Factfile: Treatments for CIN
- Large loop excision of the transformation zone (LLETZ). With LLETZ, or LEEP (loop electrosurgical excision) as it's known in the US, a thin wire loop heated with an electric current is used to cut out the area of the cervix where abnormal cells have developed. It's the most common treatment for CIN in the UK and is said to have a 90- to 95-per-cent cure rate. Risks include bleeding, infection and problems during pregnancy such as having a preterm or low-birth-weight baby.
- Cone biopsy. In this procedure, a cone-shaped wedge of abnormal tissue is surgically removed from the cervix. It reportedly has a 70- to 98-per-cent cure rate. The risks are similar to those with LLETZ (Lancet, 2006; 367: 489-98), but it's also been linked to perinatal death (BMJ, 2008; 337: a1284; doi: 10.1136/bmj.a1284). If general anaesthesia is required, there are also risks associated with that, too.
- Cryotherapy. This involves using a cold probe to freeze away the abnormal cells. It's said to destroy 99 per cent of abnormal tissue. Risks include bleeding, infection and scarring, and it's also been linked to higher rates of subsequent cervical cancer compared with other treatments (J Natl Cancer Inst, 2009; 101: 721-8).

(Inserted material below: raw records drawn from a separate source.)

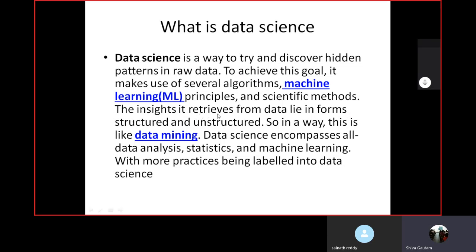After data science processing, you also process the data using machine learning algorithms. Insights are retrieved from data in two forms — structured and unstructured. Structured data is like database tables, and unstructured data includes text files, doc files, video files, and audio files. In a way, this is like data mining — we can say data science is the approach of data mining. If you want to manage or optimize data, you can use data science techniques, which encompass data analysis, statistics, and ML algorithms for practical tasks.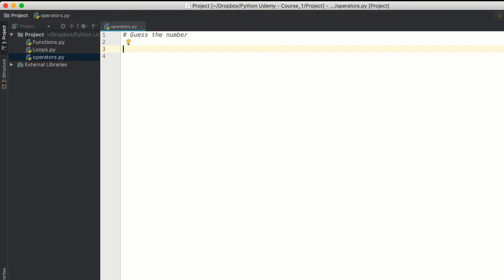So the basic flow will be: we take input from the user as the guess number, then we take a number from Python's random library to get a random number and store it in a variable. Then we check if the guess number equals the random number — if both are equal, we show the user that they've won the game; else we show if the number is smaller or greater.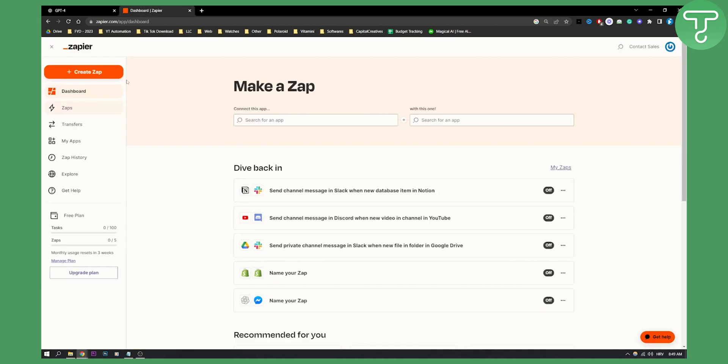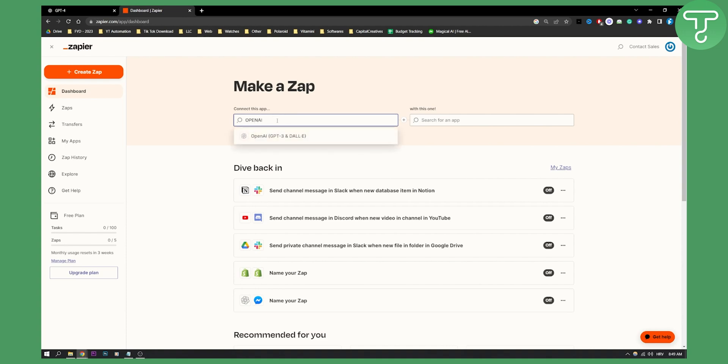As you can see here, we are on Zapier, and Zapier is basically a way to connect two different apps together and create a task out of those two apps. For example, if you go here we can type in OpenAI. We can select OpenAI. Currently it's just for GPT-3 and DALL-E, but it will soon be for GPT-4 as well.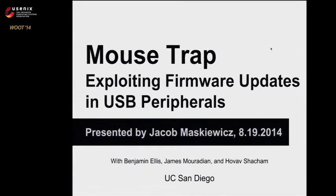I'm Jake Maskwitz. I worked with Benjamin Ellis, James Meridian, and Professor Havav Shacham. We're all from UC San Diego. We exploited a Logitech G600 gaming mouse.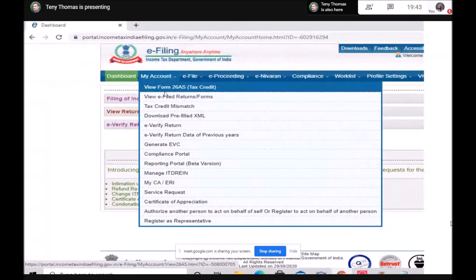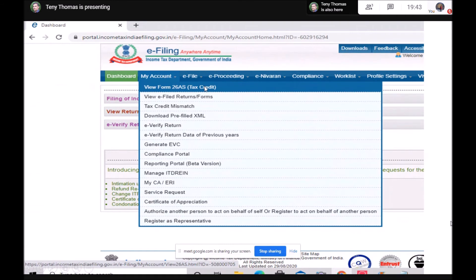Similarly, if you want to download 26AS, log into the Income Tax website, click on My Account, and all options will be listed. Click on View Form 26AS Tax Credit, and you will be able to download 26AS.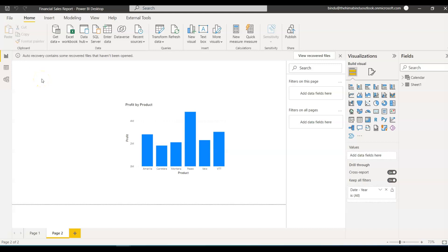Hi everyone, my name is Bindu. Welcome back. In this video I'm going to talk about the SUMMARIZE function in Power BI. Before going into how to use it, let's first understand what it's used for. The SUMMARIZE function is used to summarize data into a table — you will be creating a new table in Power BI. Remember, you cannot create measures using the SUMMARIZE function.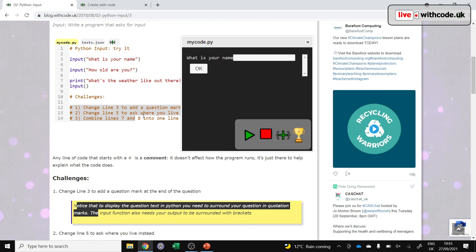And the more challenges you complete, the more points you get. And those points, your teacher can track them and you can compete against your classmates on compete.witcode.uk. All right. All the very best. And I'll see you next week. Thank you. Bye bye.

- Laser therapy. This uses a laser to pinpoint and burn away the abnormal cells, and has a 90-per-cent cure rate. There may be less scarring than with cryotherapy, but it's associated with more pain and bleeding (Gynecol Oncol, 1985; 22: 23-31).
PROMISING NATURAL TREATMENTS
- Green tea extracts. A Korean study of 51 women with various stages of cervical dysplasia and HPV infection investigated the effects of green tea extract in the form of a topically applied ointment or as a capsule taken by mouth. Overall, a 69-per-cent response rate was noted for treatment with green tea extracts compared with a 10-per-cent response rate in the untreated controls (Eur J Cancer Prev, 2003; 12: 383-90).
- Indole-3-carbinole (I3C). Found naturally in cruciferous vegetables such as cabbage, broccoli and brussels sprouts, I3C is also a popular supplement. In a trial of 30 patients with CIN 2/3, one group received 200 mg/day of I3C and another group received 400 mg/day of I3C, while a third group received a placebo. After 12 weeks, a biopsy was done to see if there were any changes. None (0 of 10) of the patients in the placebo group had complete regression of CIN, whereas four of eight patients in the 200 mg/day arm and four of nine patients in the 400 mg/day arm had complete regression of their dysplasia (Gynecol Oncol, 2000; 78: 123-9).
- Escharotic treatment, which involves the local application of natural preparations to the cervix to dissolve the uppermost layer of cells, is showing some promise for the treatment of cervical dysplasia (Altern Med Rev, 2003; 8: 156-70; Integr Cancer Ther, 2009; 8: 164-7).